One question that that needs to be asked, when considering the nature or nurture origins of homosexuality is: Why, with all the endemic discrimination offered by society against gays, would they actually choose this orientation? It is only since the relaxation of attitudes, following on scientific studies that suggest gays are a normal part of human society, that homosexuals have felt able to be honest about their sexual orientation - except perhaps within those Churches that still cling to their discriminatory attitudes towards gays.

There have always been gay clergy in the Church. I know it, and most people know it. Unfortunately, the attitude of the hierarchy has been of the 'Don't ask, don't tell me' school. With discerning bishops, this appears not have been a great problem. however, for the people concerned it necessitates a certain duplicity, which is sub-Christian.

Sexual promiscuity, unfortunately, in the circumstances of the taboo that has existed in most societies until relatively recently, has been the only way in which gays can exercise their God-given sexual instincts. For heterosexuals, however, there has always been the protection of marriage, within which state the partners may express their God-given sexuality.

In a time when responsible gays want to express their relationships in the context of a monogamous, faithful partnership, the Church is often still unwilling to assist this movement towards 'Blessing' such relationships in the Church.

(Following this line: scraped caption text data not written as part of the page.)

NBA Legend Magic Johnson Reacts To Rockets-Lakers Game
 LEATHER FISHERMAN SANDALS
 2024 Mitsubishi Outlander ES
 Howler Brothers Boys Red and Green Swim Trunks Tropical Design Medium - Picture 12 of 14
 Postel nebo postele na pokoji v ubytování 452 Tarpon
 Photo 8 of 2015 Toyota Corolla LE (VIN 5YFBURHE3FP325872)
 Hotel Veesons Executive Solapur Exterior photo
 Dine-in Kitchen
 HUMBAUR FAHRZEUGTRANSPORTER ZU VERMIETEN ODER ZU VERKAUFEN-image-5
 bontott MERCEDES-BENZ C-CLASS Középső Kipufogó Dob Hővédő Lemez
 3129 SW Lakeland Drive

This is an issue which has divided the Church into those who accept the reality of same-sex monogamous
Blessings, and those who think them to be blasphemous. This has become the issue which has spawned the 'Covenant' mentality - which, does not however, offer a harsh enough penalty for same-sex Blessings for the taste of the anti-gay sectors of the Church. The paradox here being that the Covenant is a quite conservative instrument, which happens to be not conservative enough for those who deny the human legitimate rights of the LGBT community in the Church.